Event category is Proliant Storage Events and subcategory is Logical Drive status
Event category is Proliant Storage Events and subcategory is Physical Drive Status

Now, I know that SMTP sending is working ok because I am receiving email notifications when systems are turned on or turned off. I even get email notifications when I log on or off HP SIM. I can take or leave those alerts, but ironically the really important messages relating to hardware failures do not seem to work.

I have simulated disk failures by pulling out disks in some of our servers and nothing happens. The HP agents on the server itself knows about the event and this is reflected on the HP Systems Management Homepage on the server itself, but HP SIM sees nothing and no Critical or Major event is logged and subsequently no email is sent. The only Critical events logged are ones relating to "Systems being unreachable". I have confirmed that the "Hardware Status Polling for Servers" task is enabled and configured to run every five minutes.

Can somebody please explain the exact steps to follow to get this kind of alerting going or whether I am missing something really obvious?

Many thanks
JM

2 REPLIES 2
snaus
Occasional Visitor

Re: HP Insight Manager Email Alerts

Both ESX and XenServer SIM / SNMP agents are installed and functioning. Had a look and unfortunately I do not this either Nagios or Splunk can easily tap in to the HP SNMP agents specifically related to the disk / storage system.

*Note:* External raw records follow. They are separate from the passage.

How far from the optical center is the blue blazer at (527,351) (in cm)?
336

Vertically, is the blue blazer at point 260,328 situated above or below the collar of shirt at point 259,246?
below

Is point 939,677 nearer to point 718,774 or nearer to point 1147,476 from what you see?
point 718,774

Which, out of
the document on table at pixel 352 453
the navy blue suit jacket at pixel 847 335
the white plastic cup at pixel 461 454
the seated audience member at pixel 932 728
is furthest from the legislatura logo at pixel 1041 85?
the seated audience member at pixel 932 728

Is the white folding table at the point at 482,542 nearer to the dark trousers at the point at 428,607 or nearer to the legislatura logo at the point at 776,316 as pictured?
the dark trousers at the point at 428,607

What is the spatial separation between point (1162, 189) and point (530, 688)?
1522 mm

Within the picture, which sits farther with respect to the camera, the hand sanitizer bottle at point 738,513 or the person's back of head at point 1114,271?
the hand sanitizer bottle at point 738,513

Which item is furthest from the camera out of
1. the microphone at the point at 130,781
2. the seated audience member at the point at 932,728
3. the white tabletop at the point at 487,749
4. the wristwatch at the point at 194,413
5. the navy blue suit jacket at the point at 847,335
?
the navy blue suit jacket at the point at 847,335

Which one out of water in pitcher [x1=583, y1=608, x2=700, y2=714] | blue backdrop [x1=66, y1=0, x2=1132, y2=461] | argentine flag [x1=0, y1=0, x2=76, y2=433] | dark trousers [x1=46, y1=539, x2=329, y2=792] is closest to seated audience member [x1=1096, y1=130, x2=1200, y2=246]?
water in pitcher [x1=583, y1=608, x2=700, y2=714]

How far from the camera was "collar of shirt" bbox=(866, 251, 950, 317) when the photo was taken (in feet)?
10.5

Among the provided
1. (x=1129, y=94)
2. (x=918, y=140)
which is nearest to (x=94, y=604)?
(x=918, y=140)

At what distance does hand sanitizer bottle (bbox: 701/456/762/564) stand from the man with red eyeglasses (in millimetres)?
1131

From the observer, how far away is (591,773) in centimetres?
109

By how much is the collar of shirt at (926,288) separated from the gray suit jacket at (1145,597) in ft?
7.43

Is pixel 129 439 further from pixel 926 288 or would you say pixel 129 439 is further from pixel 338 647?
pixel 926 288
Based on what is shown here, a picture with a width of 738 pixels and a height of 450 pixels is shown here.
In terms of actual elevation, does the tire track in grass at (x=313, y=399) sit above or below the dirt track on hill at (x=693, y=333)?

This is a bit frustrating because the whole point of HP SIM is to provide you with hardware monitoring / alerting capabilities and I am just curious if anybody with HP servers out there is actually using this product?

FYI, I have again done a drive failure simulation and have some screenshots to share which may provide a clue as to what may be wrong. 

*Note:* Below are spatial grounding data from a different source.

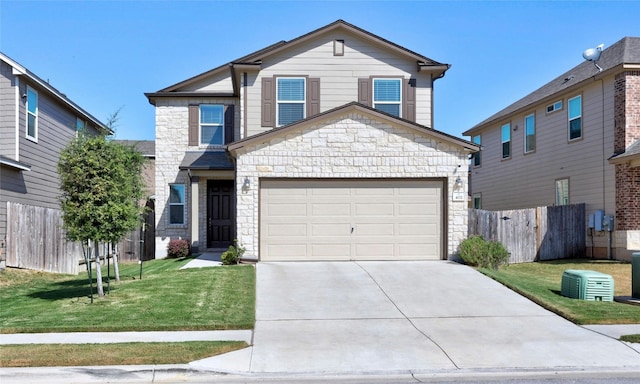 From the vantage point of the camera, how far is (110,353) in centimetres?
759

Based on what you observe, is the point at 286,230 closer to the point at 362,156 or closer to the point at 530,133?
the point at 362,156

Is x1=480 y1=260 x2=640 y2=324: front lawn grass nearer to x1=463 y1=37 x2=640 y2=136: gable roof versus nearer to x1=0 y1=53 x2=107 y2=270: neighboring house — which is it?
x1=463 y1=37 x2=640 y2=136: gable roof

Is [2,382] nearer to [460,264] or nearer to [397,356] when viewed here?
[397,356]

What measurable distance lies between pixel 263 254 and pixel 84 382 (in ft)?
29.2

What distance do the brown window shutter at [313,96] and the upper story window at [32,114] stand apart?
9.27 m

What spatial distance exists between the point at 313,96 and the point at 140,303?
977cm

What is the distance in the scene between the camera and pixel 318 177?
15578 mm

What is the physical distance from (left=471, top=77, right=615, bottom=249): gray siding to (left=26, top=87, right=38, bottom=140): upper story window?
1966cm

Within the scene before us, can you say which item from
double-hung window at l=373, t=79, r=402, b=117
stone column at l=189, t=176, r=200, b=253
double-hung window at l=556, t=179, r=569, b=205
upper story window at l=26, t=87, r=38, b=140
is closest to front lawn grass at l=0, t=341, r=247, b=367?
double-hung window at l=373, t=79, r=402, b=117

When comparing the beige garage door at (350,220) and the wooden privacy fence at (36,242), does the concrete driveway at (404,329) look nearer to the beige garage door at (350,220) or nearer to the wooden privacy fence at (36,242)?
the beige garage door at (350,220)

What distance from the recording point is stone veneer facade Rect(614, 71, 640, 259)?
17938 millimetres

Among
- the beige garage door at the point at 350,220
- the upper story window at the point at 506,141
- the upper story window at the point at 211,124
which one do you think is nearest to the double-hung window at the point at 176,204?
the upper story window at the point at 211,124

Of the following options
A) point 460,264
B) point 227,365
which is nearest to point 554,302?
point 460,264

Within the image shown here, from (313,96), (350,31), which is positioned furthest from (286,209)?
(350,31) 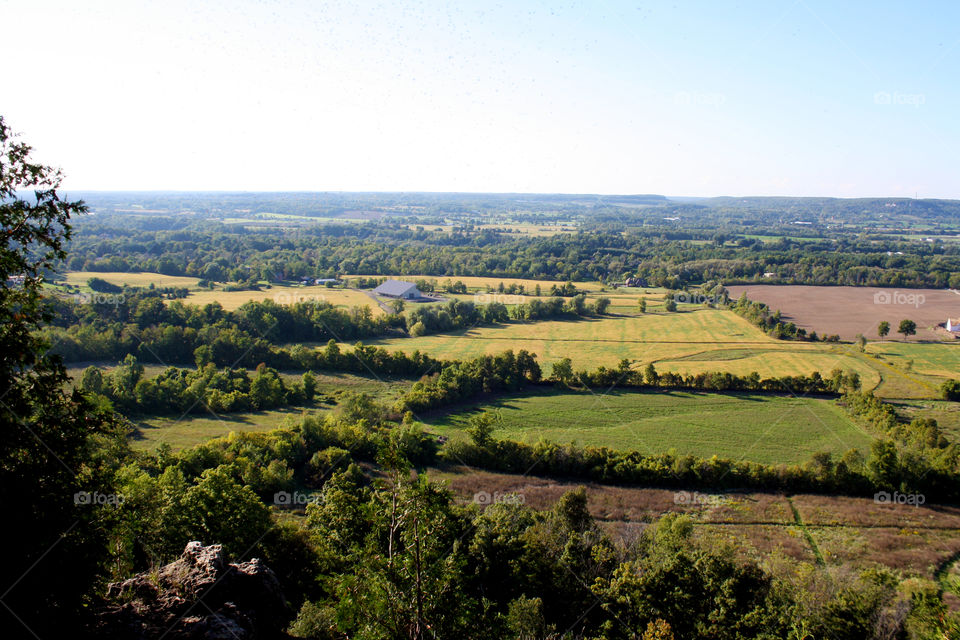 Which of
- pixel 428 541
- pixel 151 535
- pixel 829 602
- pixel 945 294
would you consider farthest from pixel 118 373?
pixel 945 294

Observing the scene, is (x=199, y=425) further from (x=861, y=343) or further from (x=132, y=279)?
(x=861, y=343)

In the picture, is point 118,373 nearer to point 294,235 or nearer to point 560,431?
point 560,431

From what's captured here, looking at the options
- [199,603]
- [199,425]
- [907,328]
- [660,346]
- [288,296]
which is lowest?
[199,425]

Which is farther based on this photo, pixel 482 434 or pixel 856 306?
pixel 856 306

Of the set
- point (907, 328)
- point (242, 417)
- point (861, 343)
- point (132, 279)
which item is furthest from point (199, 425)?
point (907, 328)

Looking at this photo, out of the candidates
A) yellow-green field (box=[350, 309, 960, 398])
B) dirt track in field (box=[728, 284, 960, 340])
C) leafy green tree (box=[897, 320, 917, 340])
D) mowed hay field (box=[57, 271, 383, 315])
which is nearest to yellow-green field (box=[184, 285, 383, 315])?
mowed hay field (box=[57, 271, 383, 315])

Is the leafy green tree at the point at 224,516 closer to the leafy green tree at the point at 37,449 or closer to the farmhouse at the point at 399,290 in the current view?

The following screenshot clearly shows the failed disk:

 

HP-SYS-HOMEPAGE.JPG

 

Yes in HP SIM these are the only events listed for the server in question:

HP-SIM-EVENTS.JPG

 

As far as alerts are concerned, as you can see the following screenshot seems to indicate that the automatic alerts have not worked since earlier in the month. Not that it would have made any difference because HP SIM did not detect any critical events anyway:

 

HP-EVENT-HANDLING.JPG

 

So I am sure I am missing something obvious somewhere but just cant put my fingers on it. Hence I would really appreciate it if anybody out there can provide me with just a few simple bullet point steps in how to configure alerting for disk failures. I am not even bothered about other hardware failures for now, once the disk alerts are happening I think the rest will follow.

Thanks again
JM

jim goodman
Trusted Contributor

Re: HP Insight Manager Email Alerts

There are a lot of things to consider, but the first is - set up a task with no filters at all then, pull a drive and see if you get it. Also consider there may be a problem in the SNMP configuration at either point since the task has run at all for awhile perhaps it is the luck of the draw or something changed in the environment.

 

Does the SMH relect the failed drive status?

 

Does SIM HW status reflect the status of the SMH correctly?

 

Some things to consider as you try to chase it down. I would think a HDD failure, Array Status Change , and such would be Major events that would trigger in any HPmanaged environment.